[81] Der Titel „Professor” kam allmählich auf, an deutschen Universitäten erst im 16. Jahrhundert. An den italienischen Stadtuniversitäten wurden die ordentlichen Lehrer behördlicherseits besoldet, an den unter kirchlichem Einfluß stehenden Hochschulen bezogen sie ihr Einkommen aus geistlichen Pfründen. Damit hängt es zusammen, daß die Lehrpersonen wenigstens außerhalb Italiens in der Regel dem geistlichen Stande angehören (niedere Weihen), unverheiratet sein mußten. In Paris wurde das Zölibat der medizinischen Professoren erst im Jahre 1452 bei der Reorganisation der Universität durch den Kardinal d'Estouteville aufgehoben, in Heidelberg erst 1482. Freilich setzte man sich manchenorts über die strengen Bestimmungen hinweg und gewährte Pfründen gelegentlich an Bewerber, die nicht allen Vorschriften der kanonischen Gesetze zu genügen vermochten. — Am geringsten war die Zahl der medizinischen Professoren an den deutschen Universitäten, dort gab es meistens nur zwei (einen für die „Theorica” und einen für die „Practica”), höchstens drei.

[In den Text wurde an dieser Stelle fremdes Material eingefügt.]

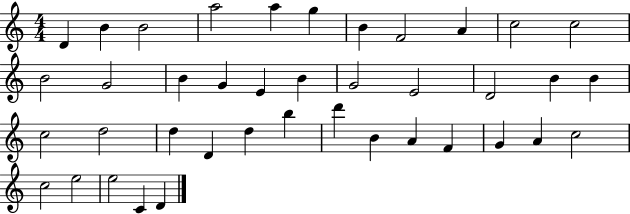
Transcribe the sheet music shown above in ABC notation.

X:1
T:Untitled
M:4/4
L:1/4
K:C
D B B2 a2 a g B F2 A c2 c2 B2 G2 B G E B G2 E2 D2 B B c2 d2 d D d b d' B A F G A c2 c2 e2 e2 C D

[82] Die Articella geht ihrer Entstehung nach auf die Zeiten der Salernitaner Blüteepoche zurück.
[83] Die naturwissenschaftliche Vorbildung beruhte auf dem Studium der Schriften des Aristoteles, namentlich der Parva naturalia. Ueberall mußte der Scholar, wenn er vorher an der artistischen Fakultät den Grad eines Baccalars oder Magisters noch nicht erlangt hatte, ein halbes bezw. ganzes Jahr länger studieren.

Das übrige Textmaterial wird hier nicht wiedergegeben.